This has become a bit of a debate on the forums lately. I had this article written already and was going to save it for next month, but today it's topical. Isn't that exciting?

Let's start with the dictionary definitions. According to Merriam-Webster, "difficult" means "hard to do" and "challenge" means "a stimulating task or problem." At a glance, these definitions leave something to be desired, but I'd like to focus on a single word: "stimulating," which is itself defined as "exciting to activity or growth or to greater activity." A challenging game is stimulating -- a challenge is something that provides an exciting stimulus that requires your precise response.

A necessary prerequisite to a challenge, then, is that your actions make a difference. Buying a winning lottery ticket is exceedingly difficult, but it's not challenging at all: you have no control over the outcome. Watching a movie is neither difficult nor challenging, since there's no way to fail.

So in the anatomy of our challenge skeleton, let's start out with an objective for the player. On a smaller scale, perhaps the objective is to win a battle or even just to survive. On a larger scale, we're challenging the player to beat the game. If the objective is the backbone of the challenge, then it's supported by legs: those are the obstacles that can prevent the player from achieving the goal. It's not necessary for these obstacles to punish the player with a "game over" -- there are plenty of challenging adventure games where the player can never die. What is necessary is that the player has control over his outcome when he faces an obstacle.

This is the key difference between a good challenge and artificial difficulty. Suppose you add an enemy to your RPG that only has a 1 in 255 chance of appearing, but if it ever does, it instantly kills the player's entire party. That makes the game more difficult -- that is, harder to do -- but the only thing it stimulates is the reset button. A better idea might be a timer that counts down to game over. It is within the player's power to avoid losing the game. (Disclaimer: That's still a pretty bad example.)

Or, bringing it back to my earlier example, Valkyrie Profile 2's battle system. You're given freedom to move around the battlefield and you can see the enemies' area of attack, so it's possible to avoid damage in most cases -- but very difficult. Mario & Luigi: Superstar Saga also featured a battle system that allowed skilled players to avoid taking any damage at all. Both games had stimulating, challenging battles. Valkyrie Profile 2 is the more difficult game by far, though, since it punishes your failures much more severely.

Is difficulty a bad thing? No. I hope I haven't obscured that in the preceding paragraphs. Difficulty can be wonderful. However, it's not a replacement for challenge. Challenge is a core concept in gameplay: the player's actions must make a difference. A player who does well should be rewarded and a player who does poorly should be punished. Superstar Saga is an easy game, but because it's also challenging, it's a lot of fun.

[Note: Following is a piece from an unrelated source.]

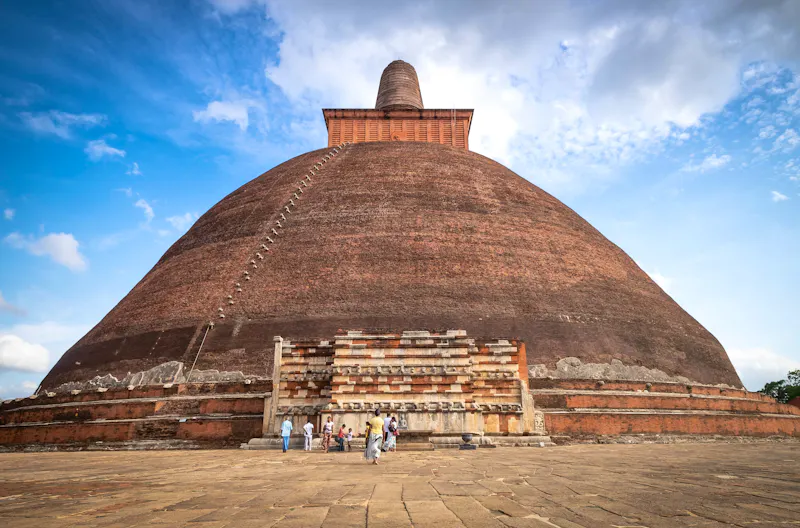 Jetavanaramaya-Stupa in Anuradhapura, Sri Lanka  - &copy;siewwy84 - stock.adobe.com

Suppose your game is open-ended; there are a lot of possible outcomes, neither one inherently better or worse than another. Is challenge still relevant to your game? Yes. Consider the Civilization series. Is a military victory better than a diplomatic victory? The game doesn't presume to tell you which way to play, but there are different challenges associated with each path.

In conclusion, challenge is a necessary element to any game. Not just RPGs, not just video games -- it is a universal concept in game design. Understanding challenge is a necessary prerequisite to becoming a great game designer.